Special Event

Goodbye, city life: See the past at Scott Settlement

Forget cellphones and fast food. For the early settlers of Arkansas, communication was spotty and dinner meant trapping, cleaning and cooking the food yourself.

It was not an easy way of life, but modern-day people can have fun experiencing it at the Scott Settlement Historical Rendezvous on Friday and Saturday in Scott.

Scott Settlement Historical Rendezvous

10 a.m.-5 p.m. Friday-Saturday, Scott Settlement, 15525 Alexander Road, Scott

Admission: $3, children under 6 free

(501) 944-0736

scottconnections.org

Ed Williams, board president for settlement overseer Scott Connections, says the rendezvous is "a way for the 21st-century person to experience what life was like in Arkansas 200 years ago and the trials and tribulations the early settlers of Arkansas experienced."

While the Scott Settlement's 20 or so buildings represent agricultural life from the late 1800s through the early 1900s, the rendezvous covers an earlier period, primarily before 1840.

There are other rendezvous around the state with participation from the Early Arkansaw Reenactors Association -- for instance at Petit Jean Mountain State Park and at Woolly Hollow State Park -- but this is only the second year for the one in Scott.

For the first time, they'll have a speaker and program on the Trail of Tears. But, otherwise, it will be much like last year's event. That means re-enactors setting up camp in the crude tents and lean-tos common in early Arkansas, demonstrating a variety of skills such as shooting, cooking, trapping and just "everyday living."

Guests can get hands-on with period-related games including a skillet toss, tug of war and horse races.

"Not with real horses -- hobby horses," Williams says.

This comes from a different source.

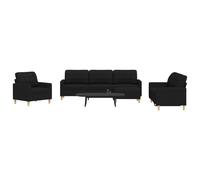 Vidaxl Ensemble De Canapés 4 Pcs Avec Repose-Pied Noir Tissu Noir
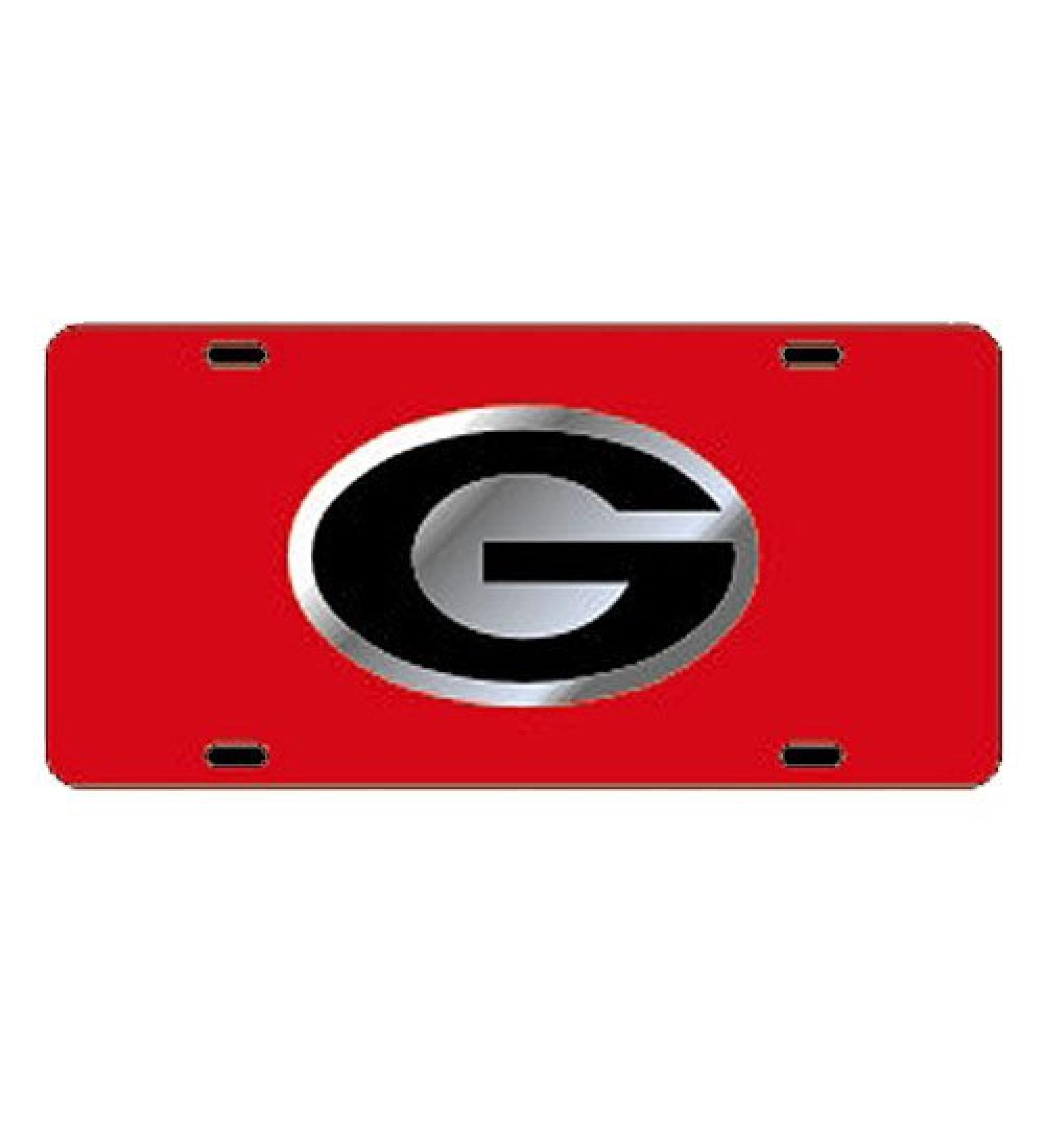 Craftique Georgia Bulldogs Red Car Tag W/Silver/Black Logo G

People also can tour the settlement buildings and watch a blacksmith at work in his shop.

Money raised at the rendezvous goes to the settlement for building and grounds upkeep, tour guide salaries and utilities.

Williams describes the settlement as "a way to commemorate that time period in Arkansas history." It is home to carefully restored and decorated buildings such as an 1840-era dogtrot cabin, a train depot, a doctor's office and a sharecropper's cabin.

Between the Scott Settlement buildings, the games, demonstrations and encampments, rendezvous visitors can get a look at roughly 100 years of Arkansas history.

That, Williams says, is the goal: "Keep alive Arkansas history."